Bulgaria has become the first EU member state to sign a protocol with Ankara to set in place procedures for sending illegal migrants back to Turkey starting from next month.
Bulgaria is building a fence at its border with Turkey. Photo: Boyko Borissov/Facebook.

Bulgaria will be able to send back migrants who have crossed its border with Turkey illegally from June 1, according to the protocol signed between Sofia and Ankara on Thursday.

The country is the first among EU member states to sign the protocol, which sets procedures for sending refugees back to Turkey.

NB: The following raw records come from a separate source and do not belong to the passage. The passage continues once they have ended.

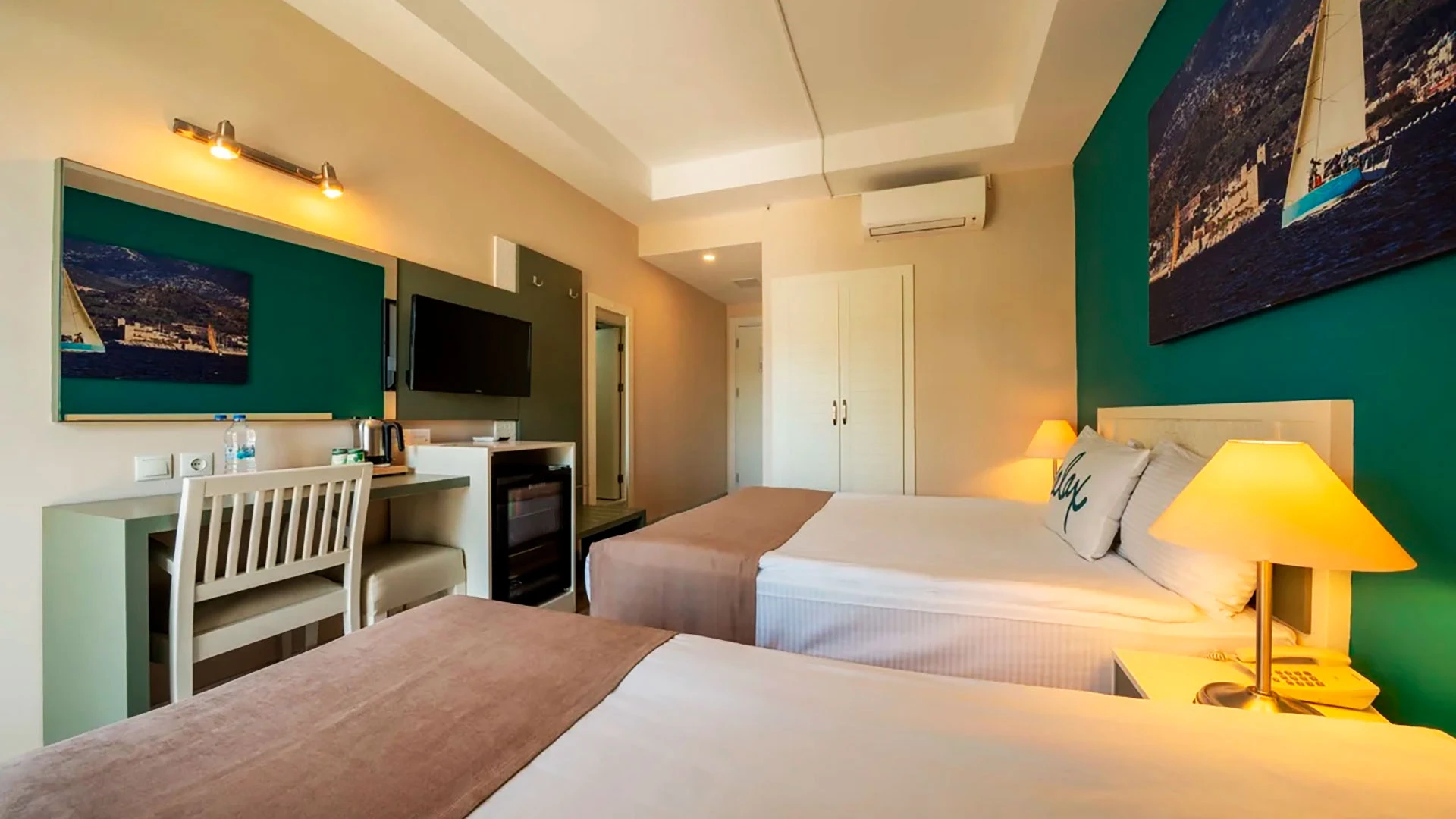 Green Bay Resort & Spa – 13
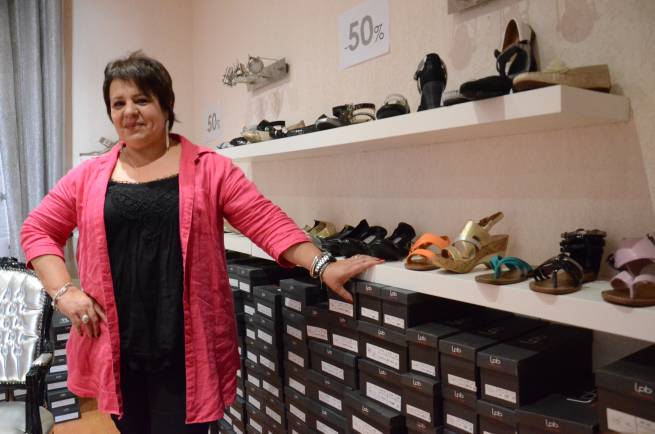 Martine Balandraud vend principalement des chaussures pour femmes.|Le magasin est situé rue d&#039;Annonay.||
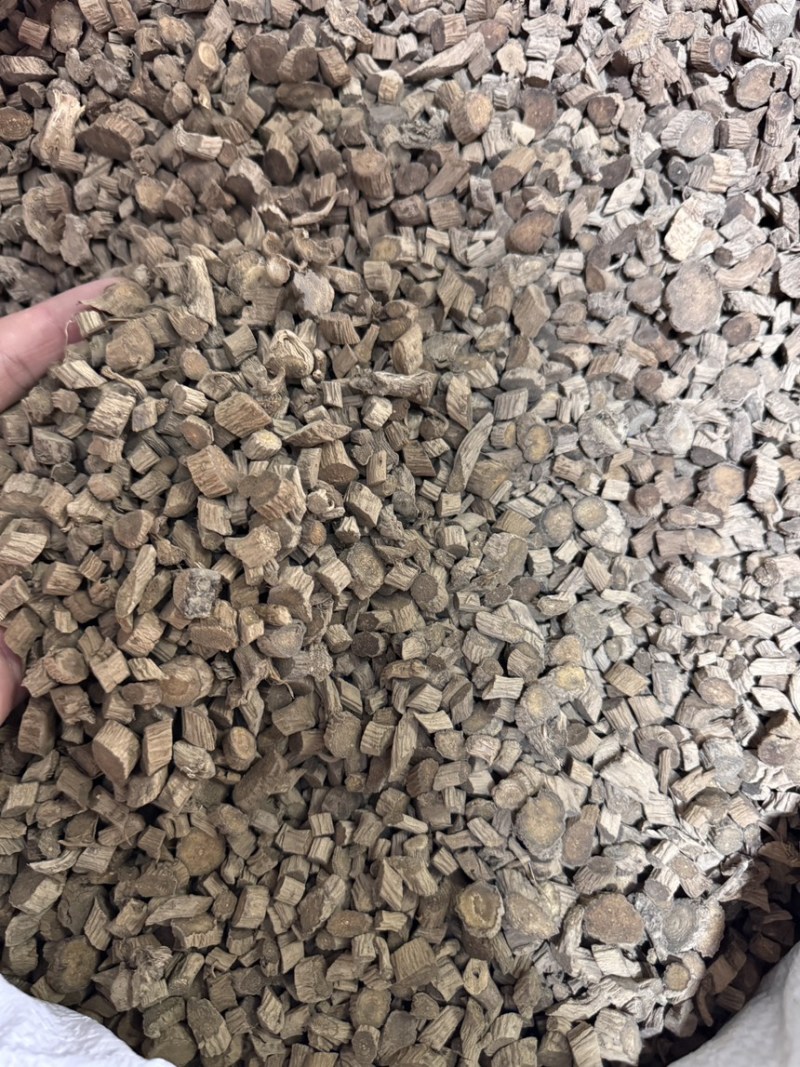 川牛膝牛夕无硫磺正品保证牛膝片批发各种中药材
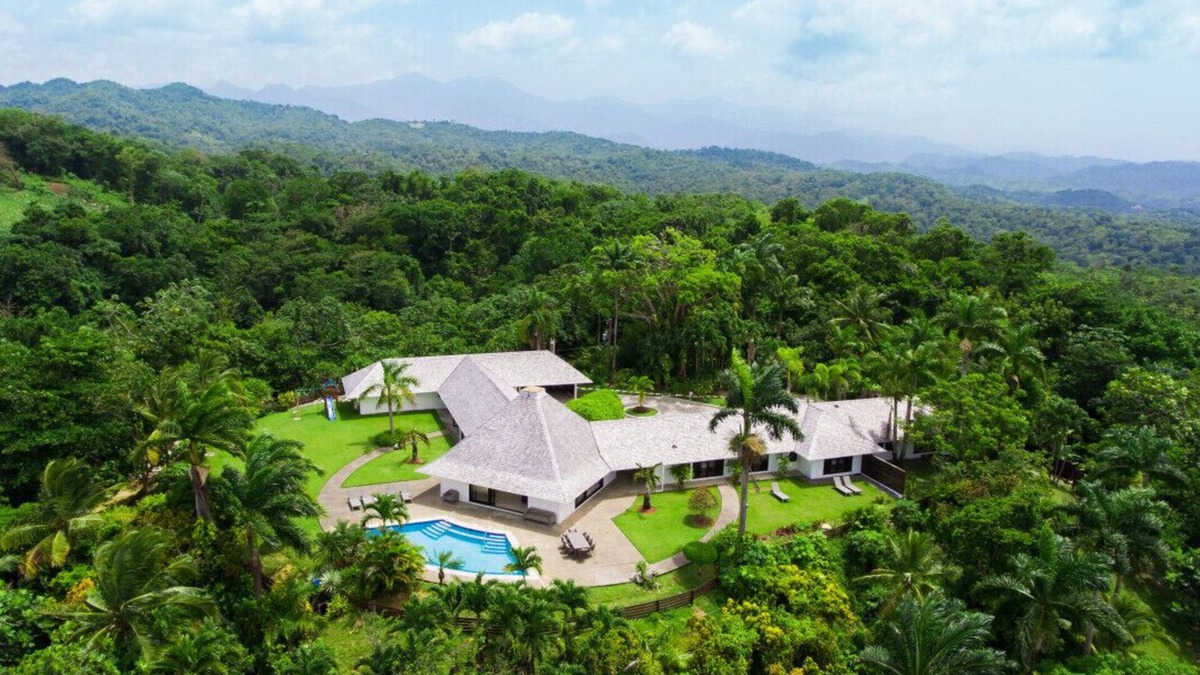 Summerfield Villa | Panorama - Private Luxury 4 bedroom Villa is a dreamy, contemporary Eden with an epic past.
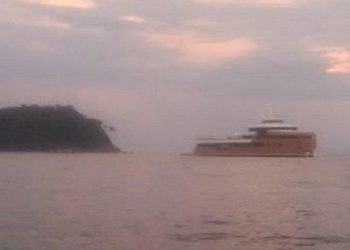 Heboh, Kapal Asing Merapat di Pulau Rusa Lhoong Kab. Aceh Besar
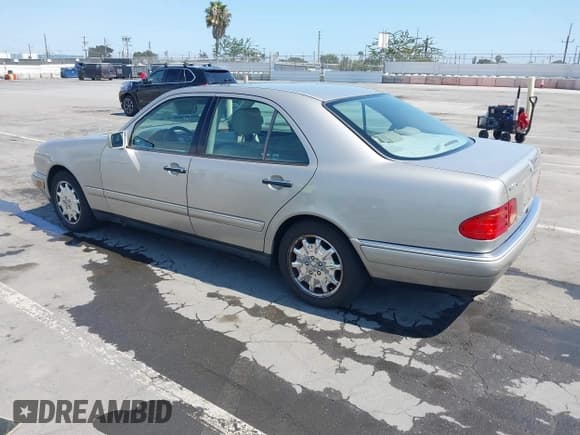 ✅ 1999 Mercedes-Benz E 320 • VIN: WDBJF65H3XA773956 • Lot: 42790409. Listed on IAAI with 234,571 mi. Free auction sales archive from the USA and detailed vehicle history report at DreamBid. Image 3.
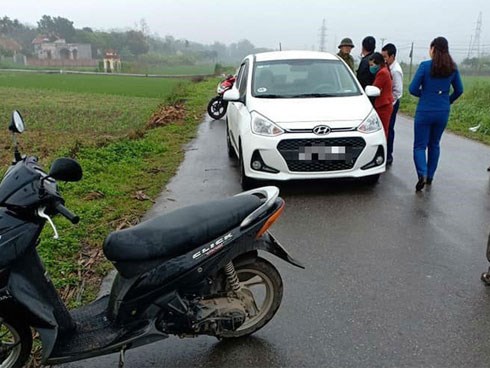 Nữ tài xế taxi bị bạn trai chặn xe đâm tử vong tại chỗ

“The most important thing is that we are sending a very strong signal to the traffickers and the refugees who plan to cross the Bulgarian-Turkish border,” Bulgarian interior minister Rumyana Bachvarova said in Ankara.

Brussels and Ankara initially reached an agreement on the readmission of illegal migrants who entered Europe from Turkey in 2013, in exchange for speeding up talks on visa liberalisation for Turkish citizens.

But the process was accelerated after the EU and Turkey sealed their controversial deal on returning refugees on March 18 this year, which forced Brussels to make serious concessions to Ankara in an attempt to halt the migrant flow.

Despite harsh criticism, the European Commission proposed lifting visa requirements for Turkish citizens from June.

Turkish interior minister Efkan Ala said on Thursday that Turkey will sign similar documents with other EU countries and that it is ready to fulfil its commitments.

The Turkish and Bulgarian interior ministers also agreed on procedures for a joint contact centre between Bulgaria, Turkey and Greece, which will start operation in several weeks’ time at the Capitan Andreevo border checkpoint on the Bulgarian-Turkish border.

It aims to allow the three countries to exchange operational information on issues related to people-smuggling, contraband and counter-terrorism.

Bachvarova pointed out that in the first three months of 2016, the illegal trafficking of migrants into Bulgaria decreased by 30 per cent on a year-on-year basis to 1,500 people.

In attempts to halt the refugee and migrant flow through the Bulgarian-Turkish border, Sofia has deployed additional police to boost its border guards and allowed the army to participate in border patrols.

A 133-kilometre barbed-wire fence is still under construction along the country’s land border with Turkey.

Meanwhile, in an interview with the AFP news agency, Bulgarian Prime Minister Boyko Borissov confirmed Bulgaria’s commitment to the EU refugee quota system, according to which Bulgaria has to take 1,200 asylum seekers.

“It does not matter whether there are 1,200 or 2,000, we are ready to accept them,” Borissov said.

He called for more solidarity from other Eastern and Central European member states that oppose the refugee quotas.

However, at a meeting of the European People’s Party at the end of April, the Bulgarian premier admitted so far Bulgaria had taken only two refugees under the EU relocation scheme, and one of them had already escaped back to Western Europe.